Barbara Barnard Smith (8 June 1920 – 3 July 2021)[1] was an American ethnomusicologist who founded and developed the field of ethnomusicology at the University of Hawaiʻi.[2] She was the professor emerita of Music at the university.[2] Although she was hired to teach piano and Western music, she believed that this would only further destroy indigenous Hawai'ian and Pacific Island cultures, which were the ancestral heritage of most of her students. She, therefore, set about learning about and teaching how to rigorously study and write about local indigenous music and dance. Barbara Barnard Smith continued to advise PhD students on their dissertations almost up to her death at the age of 101.[2]

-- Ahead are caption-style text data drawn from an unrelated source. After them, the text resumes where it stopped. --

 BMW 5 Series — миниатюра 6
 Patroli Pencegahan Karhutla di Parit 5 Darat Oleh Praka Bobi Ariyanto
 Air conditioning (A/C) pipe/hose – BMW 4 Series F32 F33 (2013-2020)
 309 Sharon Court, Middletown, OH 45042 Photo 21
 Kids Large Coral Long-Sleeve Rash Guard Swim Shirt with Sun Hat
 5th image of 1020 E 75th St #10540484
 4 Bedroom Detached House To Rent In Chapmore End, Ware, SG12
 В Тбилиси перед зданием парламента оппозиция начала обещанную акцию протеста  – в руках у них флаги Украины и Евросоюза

She was the great-granddaughter of William Dewey Hobson, who was considered the father of Ventura County, California.[3]
Smith began her career at the UH Mānoa in 1949 teaching piano and music theory, after earning her master's degree in music literature from the Eastman School of Music.[4]
In October 1972, she edited a special edition of the Music Educators Journal to broaden the reach of ethnomusicology beyond specialists.[5]
In 2009, she won the Fumio Koizumi Prize for Ethnomusicology for her work in both research and education with regard to expanding the knowledge and understanding of music and the peoples of Asia and the Pacific.[6]
In 2013, she was made an honorary member of the International Council for Traditional Music, and later on, she founded the Barbara Barnard Smith Travel Award to support participation in an ICTM World Conference.[7]